Crawled caption data

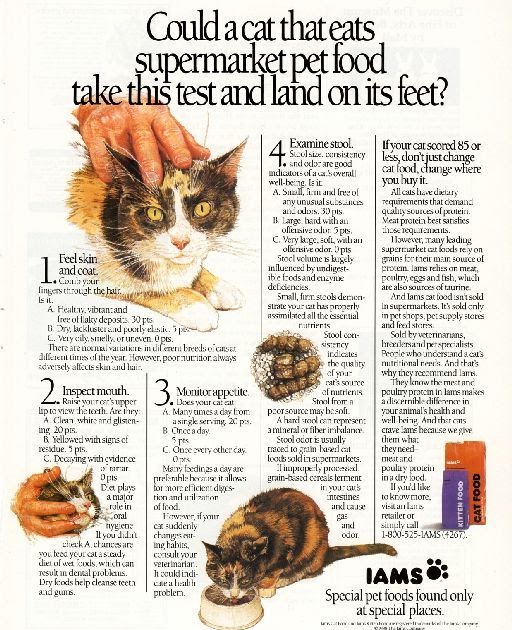 1988 IAMS Pet Food Magazine Ad Photo Print Cat Dog supermarket Old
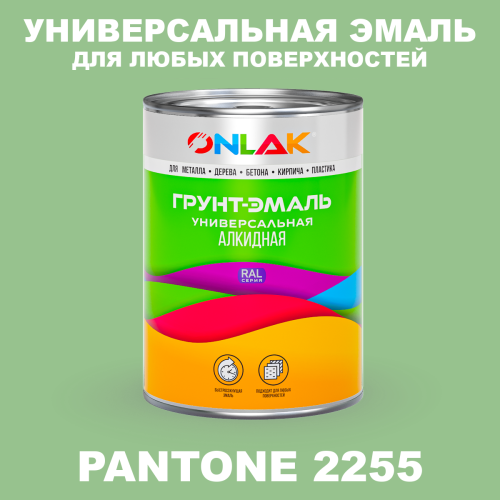 Краска цвет PANTONE 2255 C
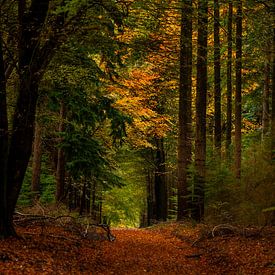 Autumn in the forest by Marc Smits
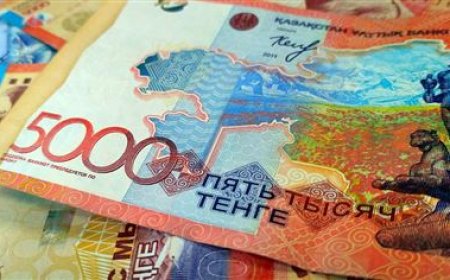 Жыл басынан бері несиесін төлей алмаған 12 адам өзін өзі өлтірген – ІІМ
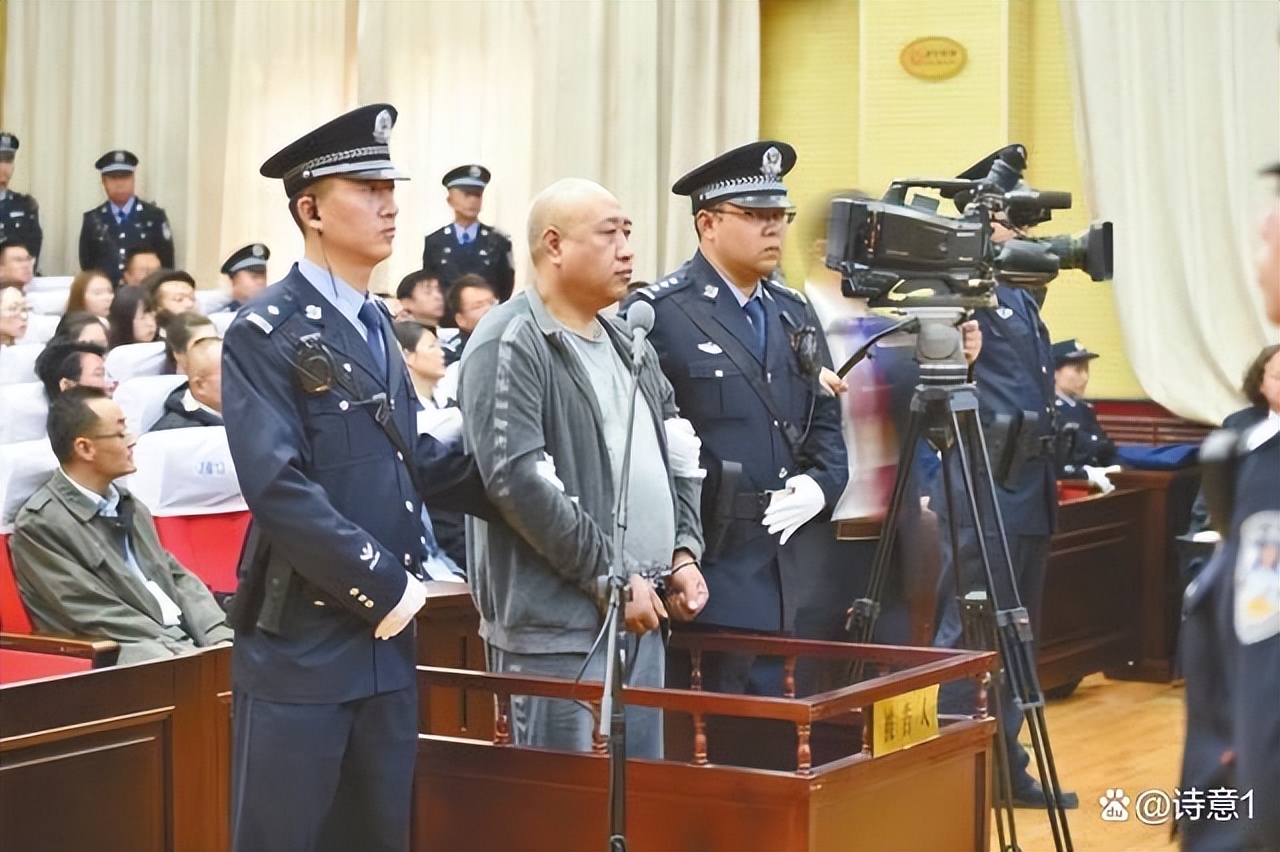 白银案纪实,案件解说白银案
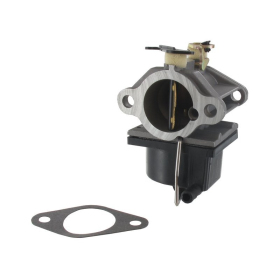 Eurogarden Carburetor Tecumseh OHV110-OVH135, OV358EA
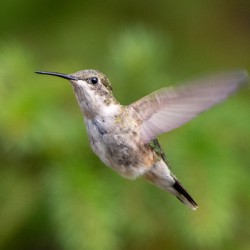 Female Ruby throated Hummingbird 1425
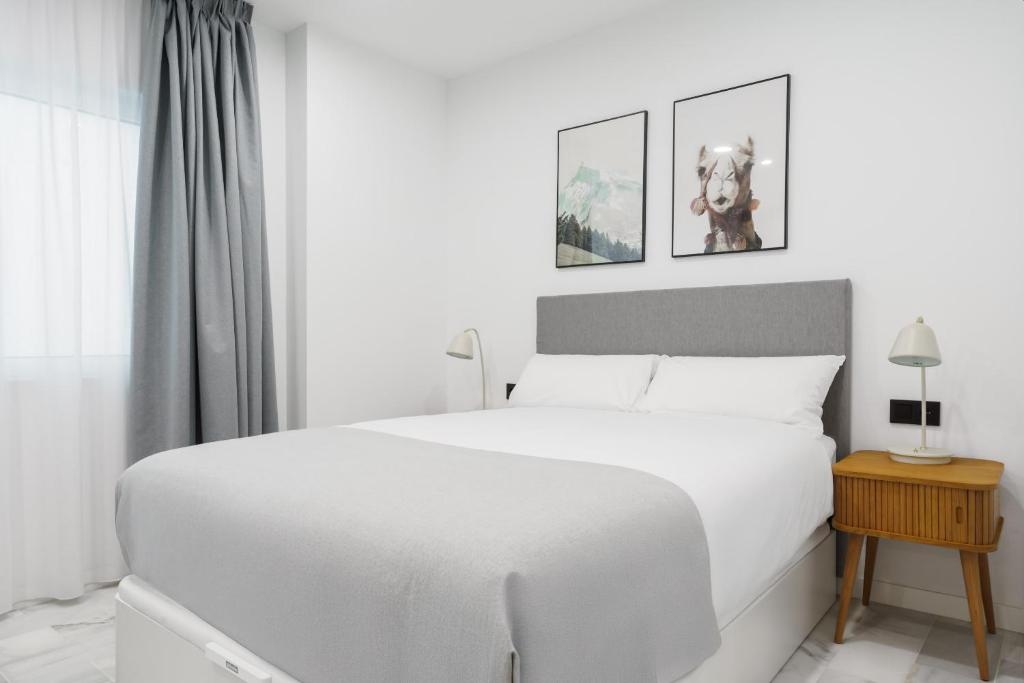 Limehome Jerez de la Frontera Marqués de Casa-Domecq - 13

=== Work item ===
Every word of the data should be reproduced exactly; please omit any pictures.

=== Result ===
 1988 IAMS Pet Food Magazine Ad Photo Print Cat Dog supermarket Old
 Краска цвет PANTONE 2255 C
 Autumn in the forest by Marc Smits
 Жыл басынан бері несиесін төлей алмаған 12 адам өзін өзі өлтірген – ІІМ
 白银案纪实,案件解说白银案
 Eurogarden Carburetor Tecumseh OHV110-OVH135, OV358EA
 Female Ruby throated Hummingbird 1425
 Limehome Jerez de la Frontera Marqués de Casa-Domecq - 13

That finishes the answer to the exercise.